- _Dataset extract_
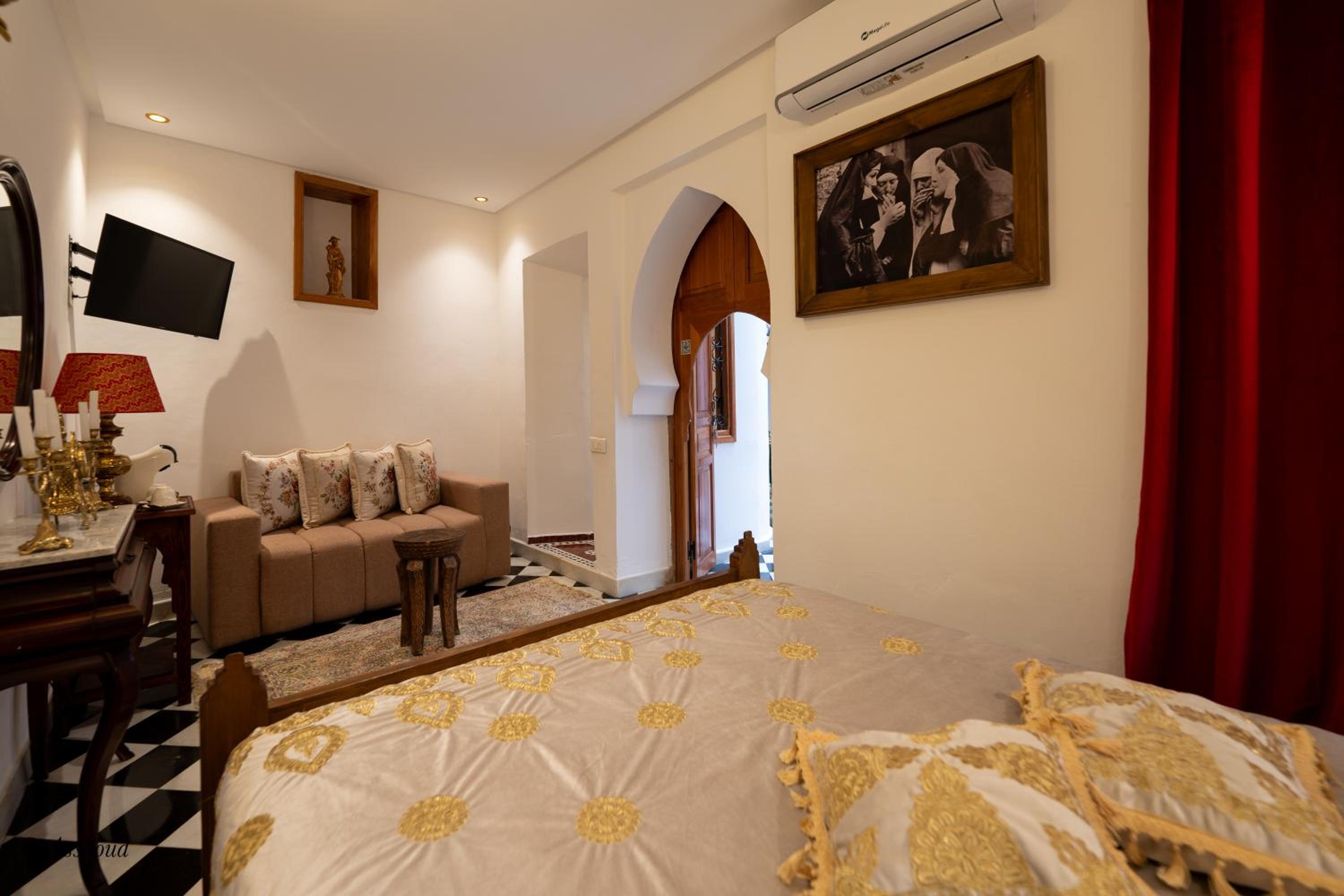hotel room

--

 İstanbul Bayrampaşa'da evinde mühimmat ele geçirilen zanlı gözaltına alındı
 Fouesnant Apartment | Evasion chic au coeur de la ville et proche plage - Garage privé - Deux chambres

...

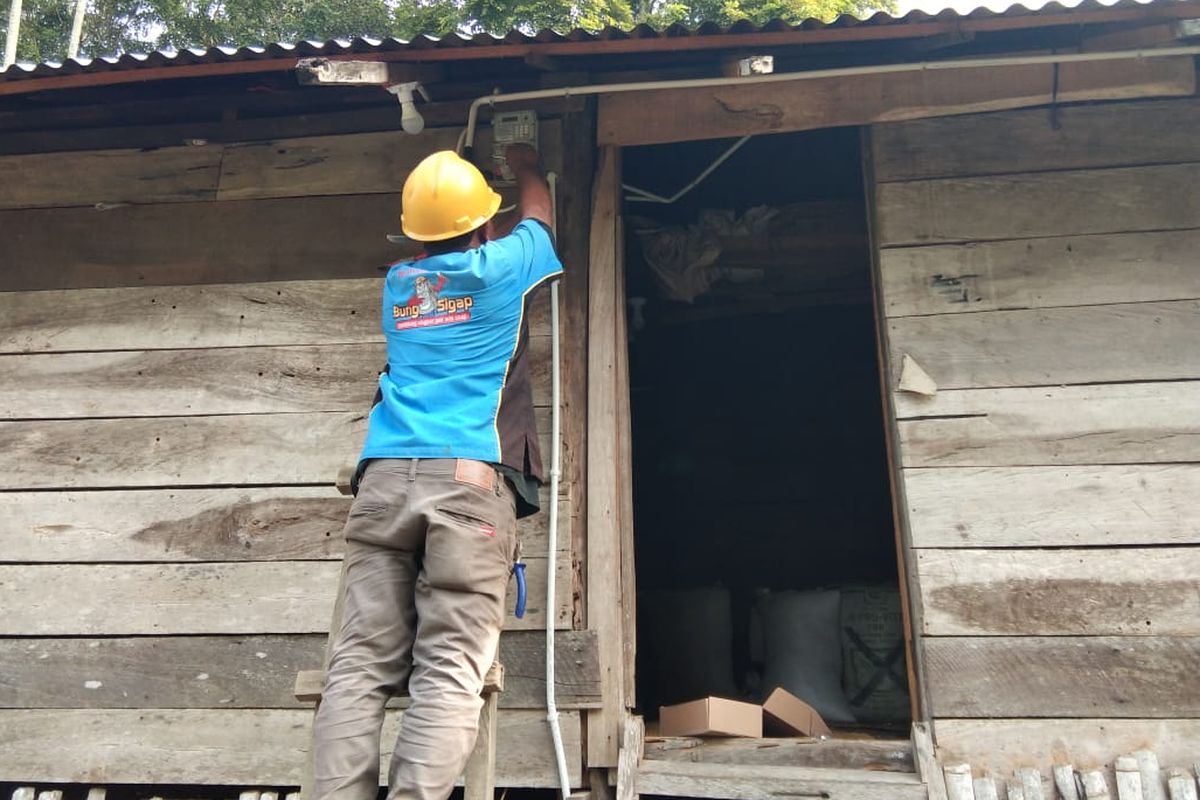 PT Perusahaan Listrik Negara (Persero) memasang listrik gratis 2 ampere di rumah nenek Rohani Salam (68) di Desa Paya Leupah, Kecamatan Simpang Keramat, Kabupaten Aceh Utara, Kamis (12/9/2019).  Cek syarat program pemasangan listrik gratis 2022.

- _Your assignment_
I'd like the lines above from the one with "İstanbul Bayrampaşa'da evinde" up to and including the one with "Fouesnant Apartment |" copied exactly, with no other lines.

- _Written reply_
 İstanbul Bayrampaşa'da evinde mühimmat ele geçirilen zanlı gözaltına alındı
 Fouesnant Apartment | Evasion chic au coeur de la ville et proche plage - Garage privé - Deux chambres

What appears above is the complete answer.